Il se leva et alla s’asseoir au bar, à quelques tabourets de House, comme si changer de place allait lui permettre de ne plus entendre la chanson. House pouvait presque l’entendre ruminer toute sa haine envers le juke-box.

La cinquième fois – c’était vraiment trop comique – le gars se leva d’un bond. Il se mit à hurler :

- Vous allez arrêter cette foutue chanson, oui !

House se retourna pour ricaner dans son verre – et en profita pour le finir et en commander un troisième. Il commençait à penser qu’il n’avait pas perdu sa journée, finalement. Il essayait de lire ce qui était écrit sur l’enveloppe – bien qu’il avait quelques théories intéressantes sur ce qui pouvait être à l’intérieur – mais elle était trop loin, et de toute façon l’autre n’arrêtait pas de la bouger.

La sixième fois fut la fois de trop.

Le moment fut si fulgurant que House s’en rappelait encore parfaitement, vingt ans plus tard. Le gars à l’enveloppe attrapa la bouteille la plus proche de lui, et d’un magnifique tour de poignet, la balança en plein dans le miroir qui se trouvait derrière le bar. C’était un très beau miroir, que House avait remarqué en entrant. Il était entouré de dorures, et devait bien faire trois mètres, et valoir assez pour payer un verre de whisky à tout l’état de la Louisiane. Le regarder tomber en morceaux était une sensation particulièrement grisante.

Il y eut un silence.

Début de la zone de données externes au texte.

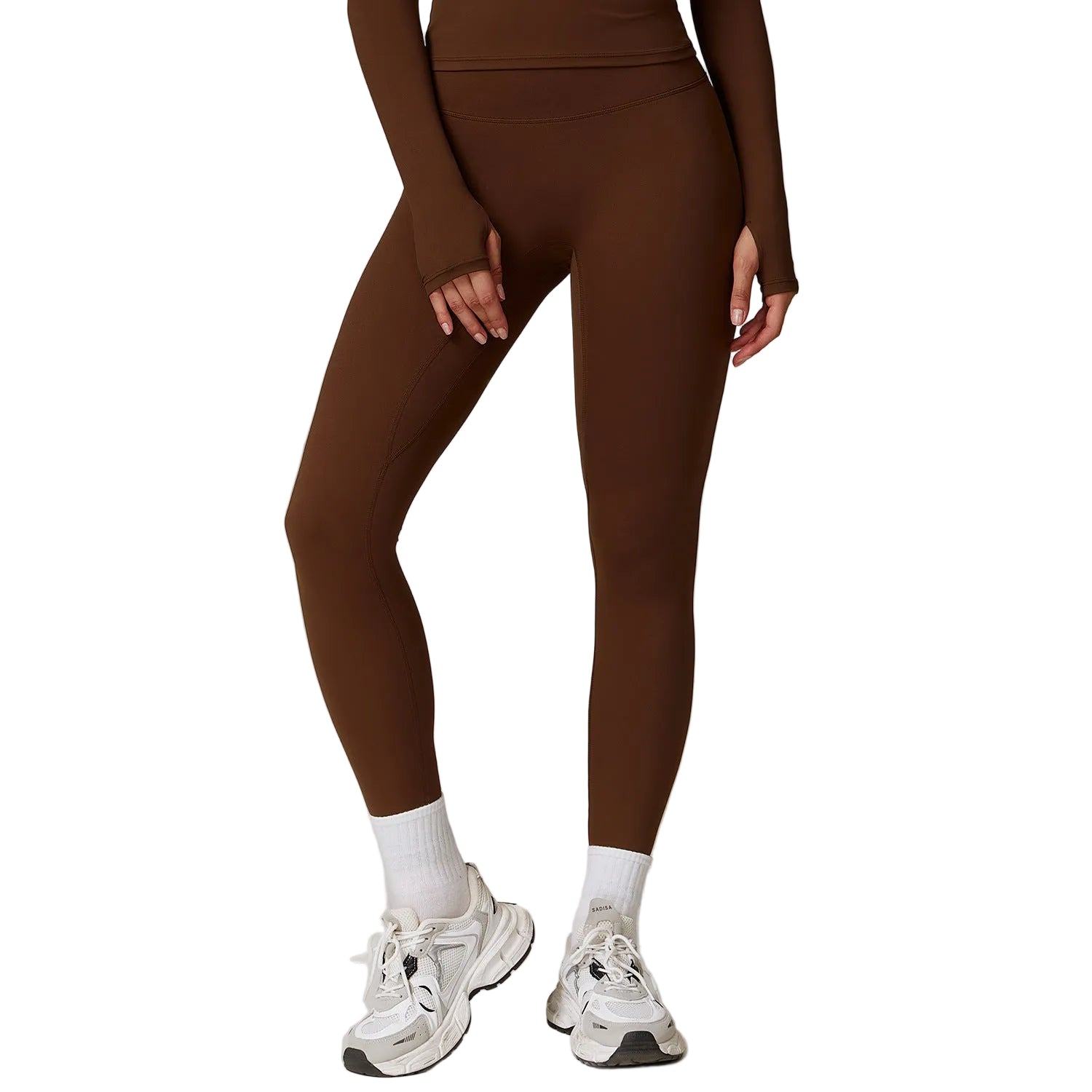Women's High-Waist Hip-Lifting Yoga Pants – Dance Sport Leggings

Quelqu’un éteignit enfin le juke-box. Le type à l’enveloppe fixait le miroir comme s’il n’arrivait pas encore vraiment à croire ce qui venait de se passer.

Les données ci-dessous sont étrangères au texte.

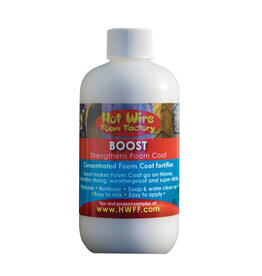 Hot Wire Foam Factory Boost 16oz Foam Coat Additive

Un verre fusa tout près de la tête de House et atterrit à son tour derrière le bar, puis un deuxième passa au dessus de celle du barman qui se baissa juste à temps.

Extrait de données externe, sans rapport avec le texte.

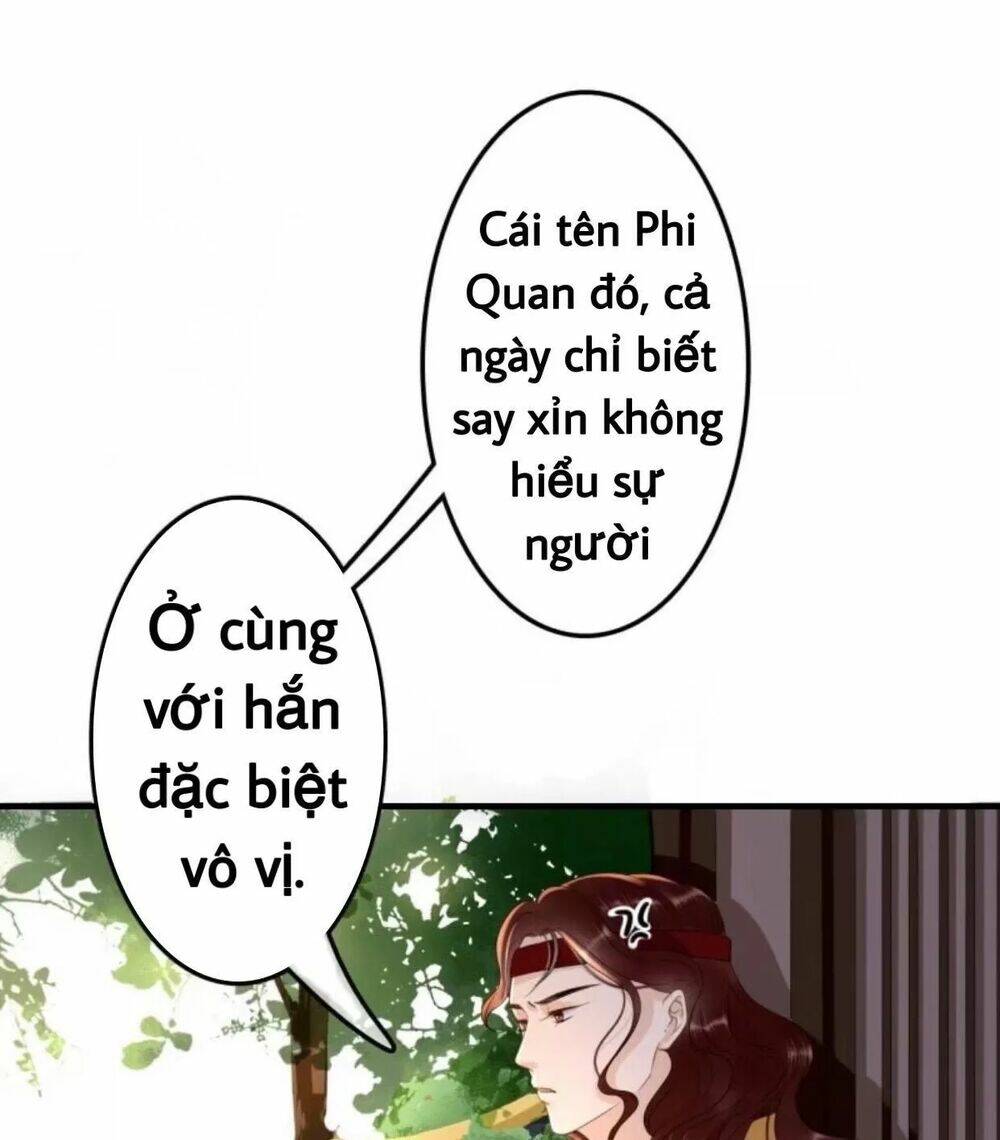 sủng phi của vương chapter 72 10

La bagarre générale venait d’être déclarée.

Celui qui l’avait déclenchée reprit enfin ses esprits, et avisant l’instigateur de sa colère, il se jeta sur lui, profitant de l’agitation générale pour lui régler son compte.

House esquiva deux ou trois autres verres, se resservant lui-même du whisky – puisque le barman s’était planqué sous son comptoir pour téléphoner à la police et déplorer la perte de son antique surface réfléchissante. En observant les éclats de verre sur le sol, House se surprit – avec un petit sourire – à penser aux années de malheur qui attendaient ce pauvre type qui avait balancé la bouteille.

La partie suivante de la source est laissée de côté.